→ Problem to solve
Every entry below should be restated word for word, except for its images.

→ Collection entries
● ● ● ● ●

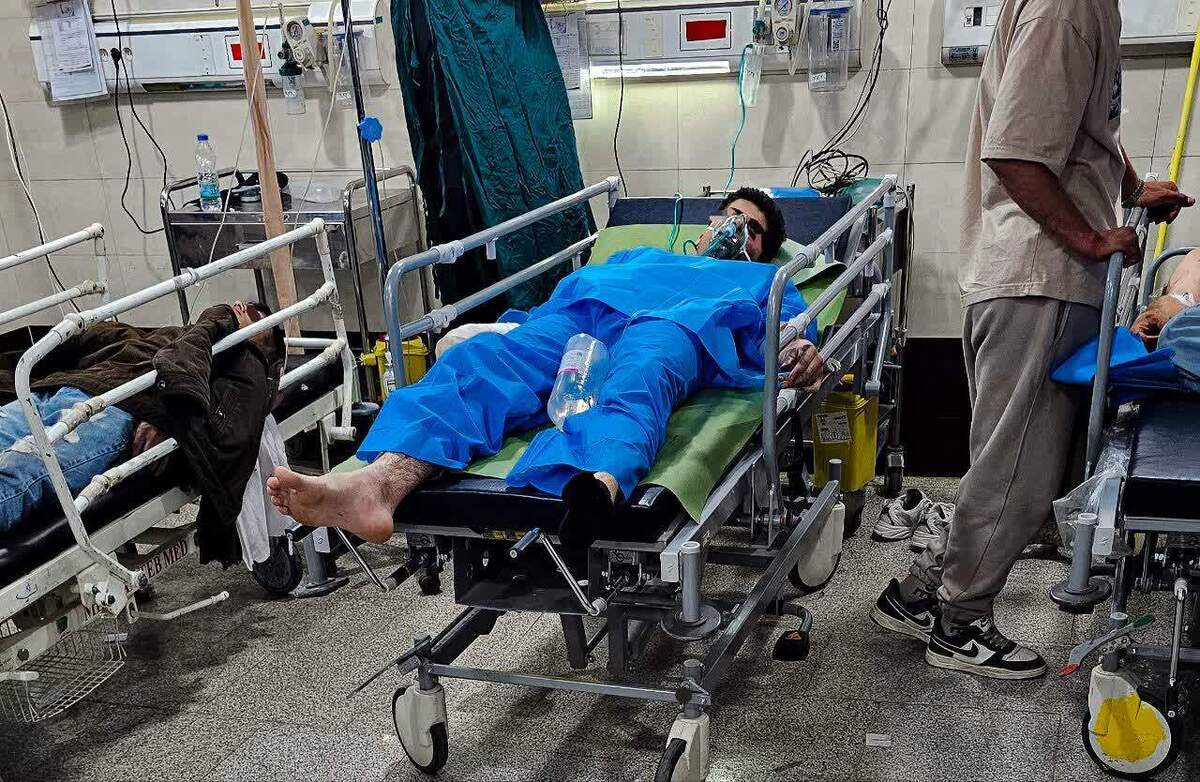 ۱۷۰ نفرمصدوم حوادث چهارشنبه آخر سال در قزوین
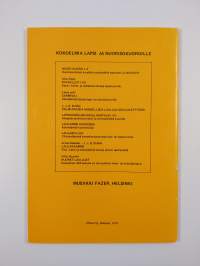 Nuori kuoro 4 : 20 laulua sopraano- ja alttoäänille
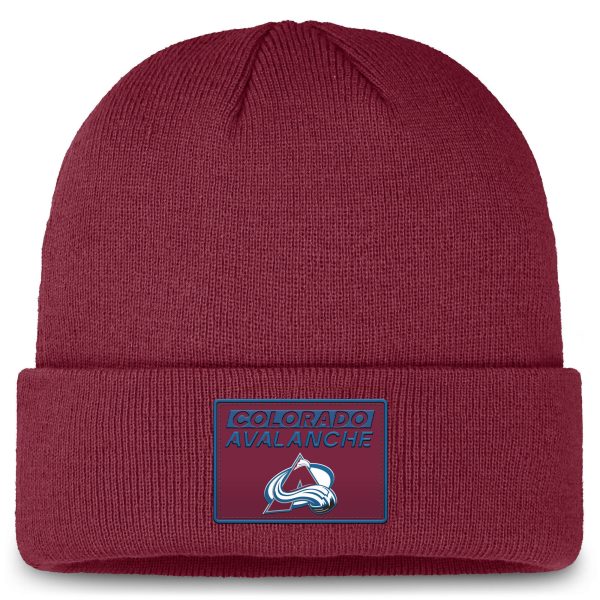 colorado avalanche authentic pro rink prime cuffed beanie – Toronto Maple Leafs Jerseys and Headwear Collection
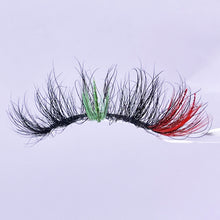 Load image into Gallery viewer, Colorful Gillter Mink Lashes MOQ5
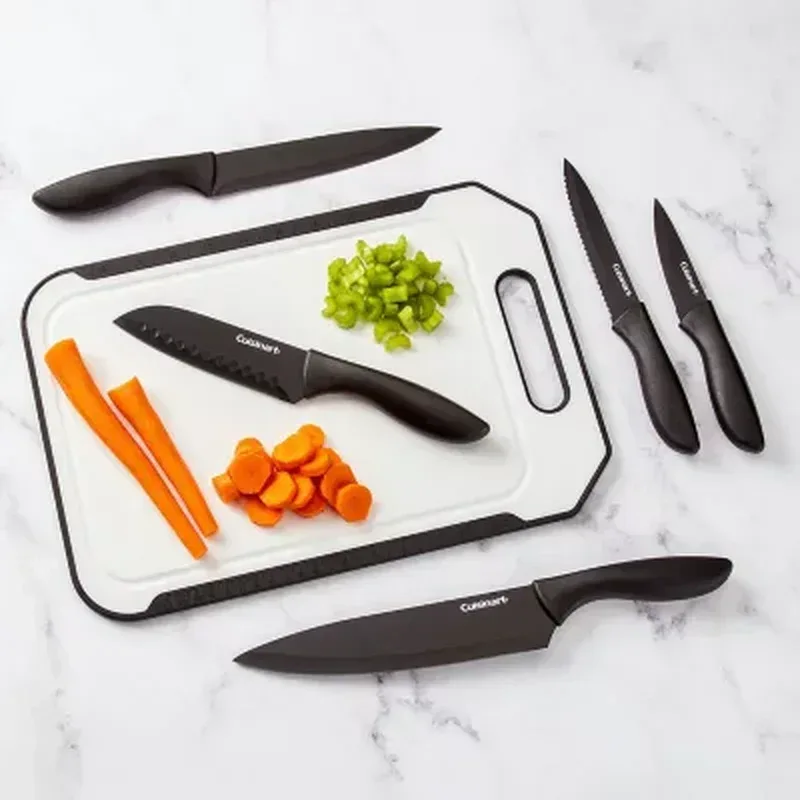Cuisinart 11-Piece Cutlery Set and Cutting Board (Assorted Colors) - Image 9
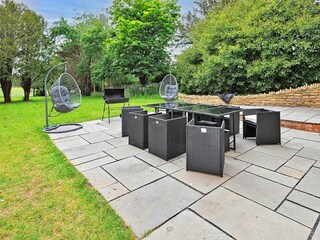 Vakantiehuis Buckingham Buitenaudio-opname 11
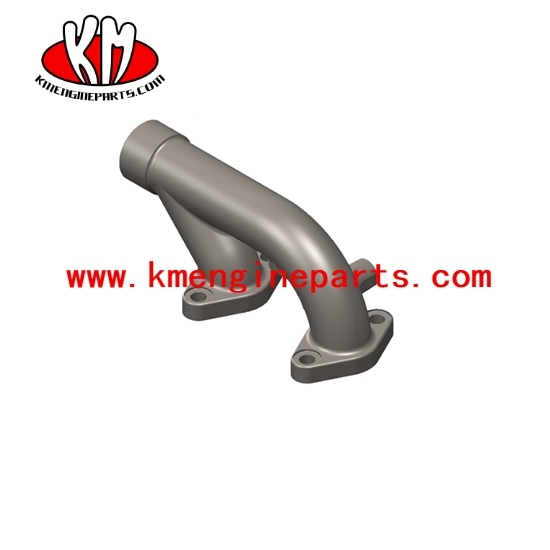 qsb6.7 exhaust manifold 3943871 3943872 3943874 3943875 engine parts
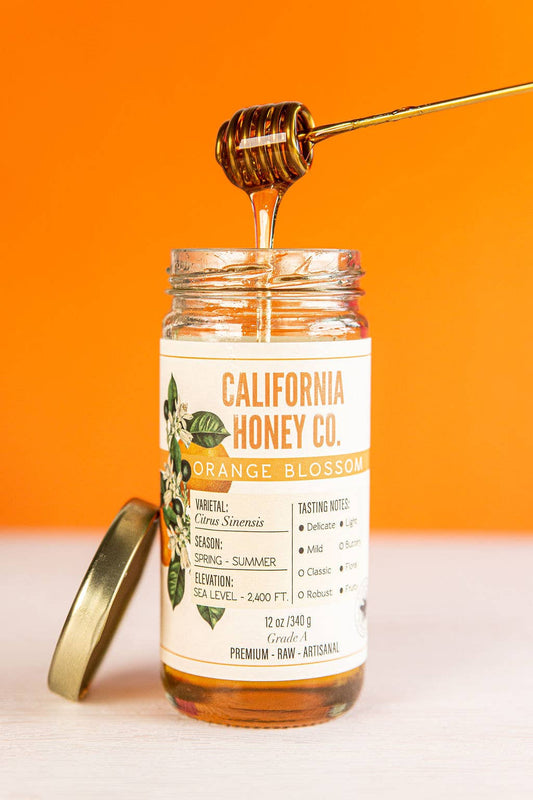 Orange Blossom Honey - 12 oz.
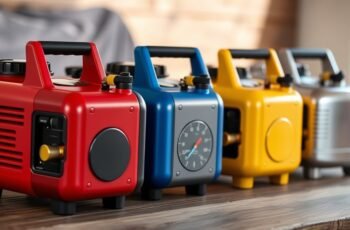 5 Best Portable Air Compressors for On-the-Go Power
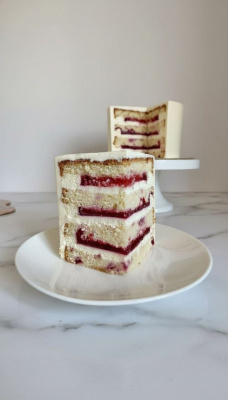 Торт малина-пломбир, цена за кг.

● ● ● ● ●

→ Task output
 ۱۷۰ نفرمصدوم حوادث چهارشنبه آخر سال در قزوین
 Nuori kuoro 4 : 20 laulua sopraano- ja alttoäänille
 colorado avalanche authentic pro rink prime cuffed beanie – Toronto Maple Leafs Jerseys and Headwear Collection
 Load image into Gallery viewer, Colorful Gillter Mink Lashes MOQ5
Cuisinart 11-Piece Cutlery Set and Cutting Board (Assorted Colors) - Image 9
 Vakantiehuis Buckingham Buitenaudio-opname 11
 qsb6.7 exhaust manifold 3943871 3943872 3943874 3943875 engine parts
 Orange Blossom Honey - 12 oz.
 5 Best Portable Air Compressors for On-the-Go Power
 Торт малина-пломбир, цена за кг.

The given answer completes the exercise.